As a practical matter, a style has developed in Delaware over the past decade of inserting case citations and other authorities in sequentially numbered footnotes rather than in textual discussion. This practice mirrors the style traditionally used in scholarly writing and is a sharp departure from the standard practice in judicial opinions and litigation briefs.
For a casebook editor, this is annoying because it requires tracking relevant footnotes separately and then preparing selected footnotes or, for ease of student reading, relocating the relevant case citations from footnotes into bracketed citations within the text.
As to length, it is no longer uncommon to read Delaware corporate law opinions with more than 50 footnotes and a fair number bloat more than 100 footnotes. Many contain meditations on matters remote from the issues the court is required to address. They sometimes present long string cites, increasingly to include scholarly articles and treatises.
These shifts in Delaware judicial practice may reflect a broader phenomenon of recent years: the increasing self-conception of Delaware judges as scholars. Delaware judges are unusual compared to judicial peers in many ways, including their increasing tendency to immerse themselves in academic matters. They chiefly do this by prolific publication of articles in law reviews, participation in academic corporate law conferences and teaching corporate law courses in law schools around the country.
There is some debate about why Delaware judges wish to act so academically and some controversy about whether the mixing of judges with professors risks impairing the objectivity of either. That debate aside, current habits displayed in many Delaware corporate law opinions, in length and style, shows tediousness rather than either a scholarly or even pedantic orientation.

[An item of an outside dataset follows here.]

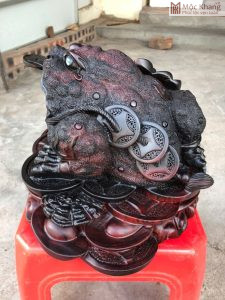 Tượng Cóc Ba Chân Gỗ Trắc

Of course, judges may not care about the relative burdens teachers or editors face in turning opinions into pedagogical materials. But Delaware’s contemporary style certainly exports costs to the legal academy. And the costs can be saved. Delaware opinions are fat mostly because of things that easily can be omitted: excruciatingly detailed fact recitations that can span dozens of pages and scores of footnotes addressing tertiary matters of academic curiosity at best.